I wait in front of a shelf of Pepto-Bismol and its lookalikes. We’ve decided to tell our older son that Dr. S. has given us all new vitamins. His is clear, and Dad’s, mine, and his younger brother’s are pink, and they all taste terrible! My armpits grow slippery; I fear that the smell of my body is insulting the metallic purity of the store. Everything is lined up perfectly and clearly labeled. It is a very neat place in which to be a failure.

The pharmacist scans the bar code of the package, and I wonder if she plays a game with herself during these afternoons, deciding how well prescriptions match the people picking them up. She has never seen my child, but she knows his date of birth—that he has just turned five years old and will be taking a powerful psychiatric drug. She looks at me, but I do not look back.

Four weeks later, I need to buy a pregnancy test.

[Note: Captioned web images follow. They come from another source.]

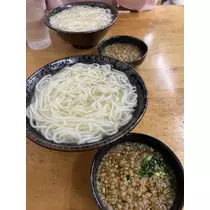 あめ ．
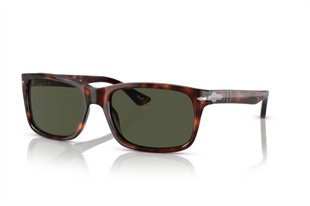 Persol 0PO3048S 24/31 58 Unisex Güneş Gözlüğü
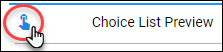 Drag_Drop_Choice_List.png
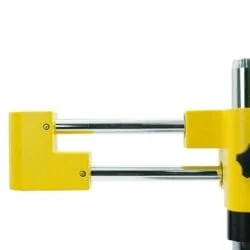 لوپ بازویی دیجیتال Kailiwei S180W در فروشگاه عصرتولز...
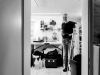 Leica_Q_meets_Large_Format_tintype_copyright_Markus_Ziegelwanger_mhaustria.com_00005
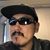 Takpaan William Arthur Boskofsky's profile image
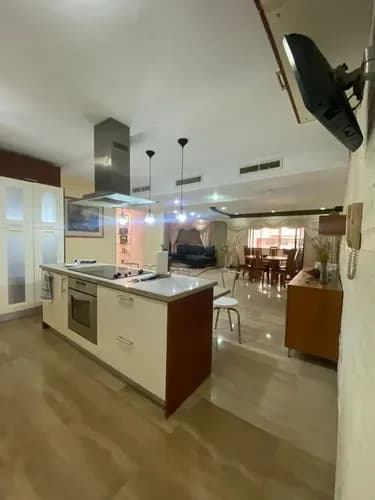 Apartamento En La Trigaleña Conjunto Residencial Churun Meru La Trigaleña Valencia Vende Dayanna Vasquez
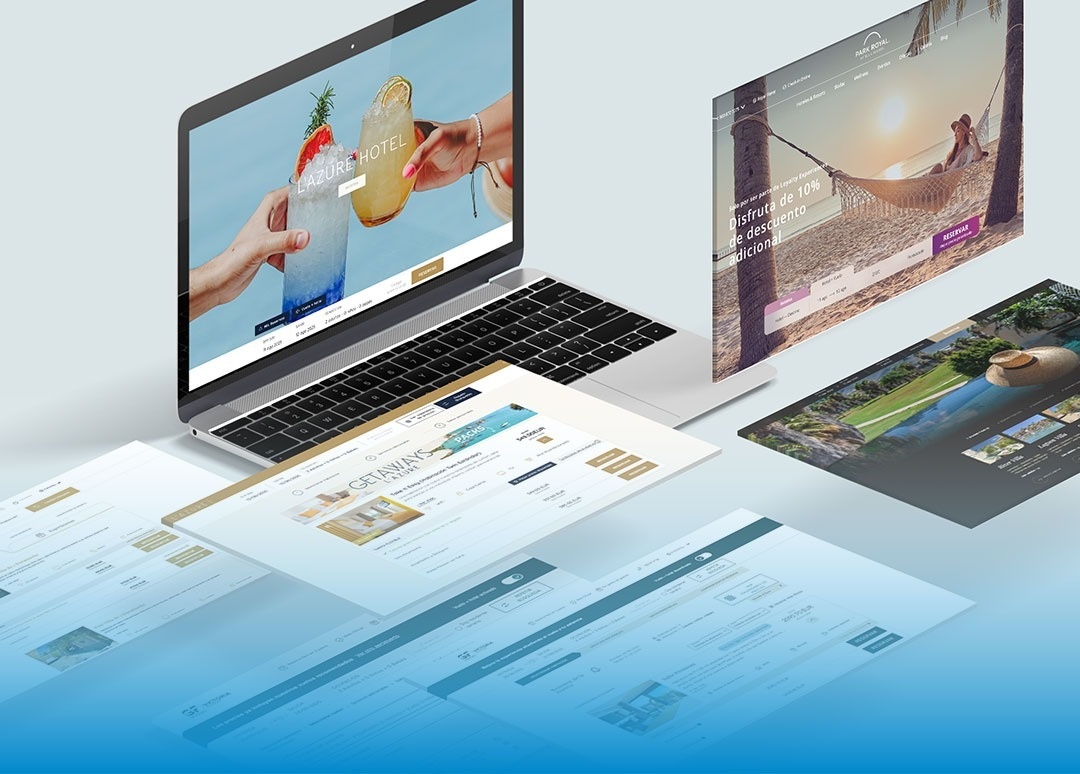 una hoja de papel con la palabra éxito en la parte superior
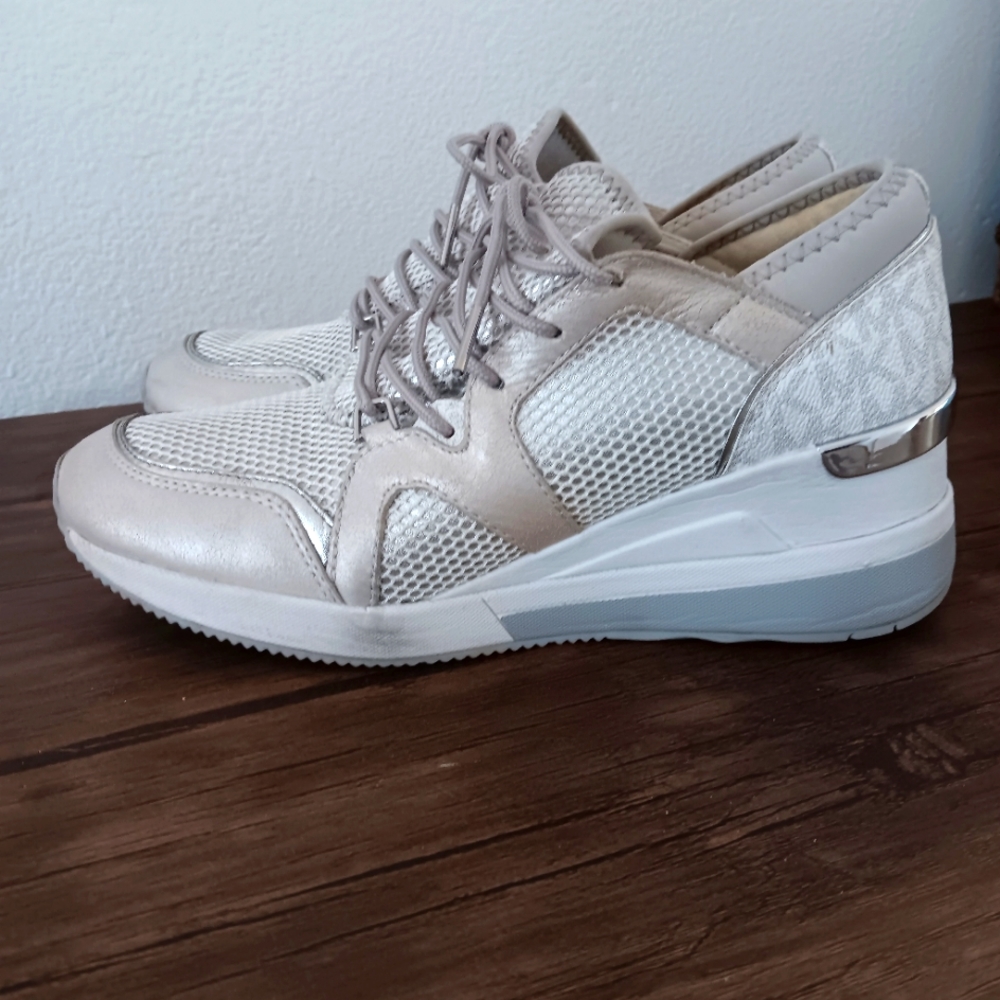 Michael Michael Kors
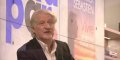 Florent Pagny agacé par Patrick Sébastien - Propos dérageants sur Canal Plus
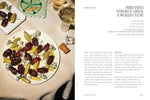 Party Tricks: Easy, Elegant Recipes for Snacking and Hosting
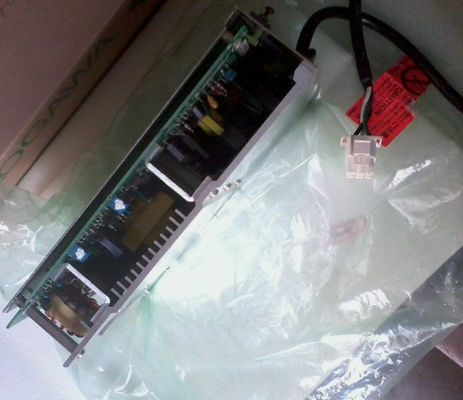 ヨコガワ PW401 電源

I don’t go to the Harris Teeter for it. I do not want the pharmacist to look at me again, to politely not say what we would both be thinking, which is that I am clearly not a person who should have another child.

***

It began when sperm and egg met, and there was a skip in the bind and the weave got a pull, one piece of one thread not tight enough. Or it began in the genetic code of sperm and egg themselves, some pus pocket of wrong along a chain of right. Risk genes, they’re called. Or it began when my son tried to squeeze his bones through mine, and his heart rate dropped to the 50s. It had already been down five minutes when the nurse came and got me, the doctor wrote in the medical record. Or maybe it never began. Maybe there is no it. Maybe I am delusional or a liar. Maybe I am simply a Bad Parent or my son a Bad Kid.

***

He is our first baby. He is born, and we spend two days in the hospital gazing at him. We bring our son home to our duplex in Nashville, Tennessee. We lay him on a blanket on our bed and pull him around on it as if it’s a sled. My husband props him up on his knees and reads to him from old college French texts. I lose all of the baby weight in weeks—not because of breastfeeding, I don’t think, but because I don’t feel the need to eat. Elation, it turns out, is caloric.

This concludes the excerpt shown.